Tag Archives: Record Deed of Trust

What Happens If My House Is Foreclosed On Before Filing Bankruptcy But Recording of the Trustee’s Deed Is After I File Bankruptcy?

By Ryan C. Wood

If you are trying to save your house from foreclosure the best way to avoid any confusion is to file for bankruptcy as soon as possible before your trustee sale date. Once your bankruptcy case is filed there is an automatic stay in place to prevent the sale of your home. If the trustee sale still goes through, the sale will be voided as it is in violation of the automatic stay.

What happens when you filed your bankruptcy case after the trustee sale was conducted but before the trustee’s deed is recorded with the county? Pursuant to California Civil Code Section 2924h(c), “…the trustee’s sale shall be deemed final upon the acceptance of the last and highest bid, and shall be deemed perfected as of 8 a.m. on the actual date of sale if the trustee’s deed is recorded within 15 calendar days after the sale…”

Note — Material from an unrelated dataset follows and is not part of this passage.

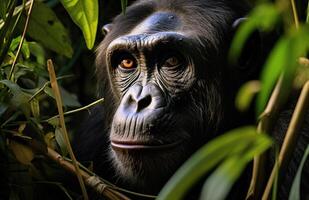ai generiert neugierig Schimpanse erkunden Dschungel, Affen und Primaten Bild foto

The courts in California are divided over the interpretation of this issue. One court in the Northern District of California indicated that if the bankruptcy case was filed after the trustee’s sale but before the recording of the trustee’s deed, the recording of the trustee’s deed is not a violation of the automatic stay and the secured creditors can proceed, making the foreclosure final. In Re Garner, 208 B.R. 698 (Bankr. N.D. Cal. 1997). In the Garner case, Minnie Bee Garner defaulted on her mortgage and her home was foreclosed on March 11, 1997. She filed for Chapter 13 bankruptcy protection on March 12, 1997. The foreclosure sale deed was issued to the third party purchaser on March 13, 1997 and the third party purchaser recorded the deed with the county on March 18, 1997. The secured creditor’s bankruptcy attorney filed a motion for relief from stay and the court granted it and held that as long as the deed was recorded within 15 days of the sale, issuing the deed did not violate the automatic stay. Therefore, the third party purchaser’s interest in the property was not avoided by the filing of Ms. Garner’s bankruptcy case.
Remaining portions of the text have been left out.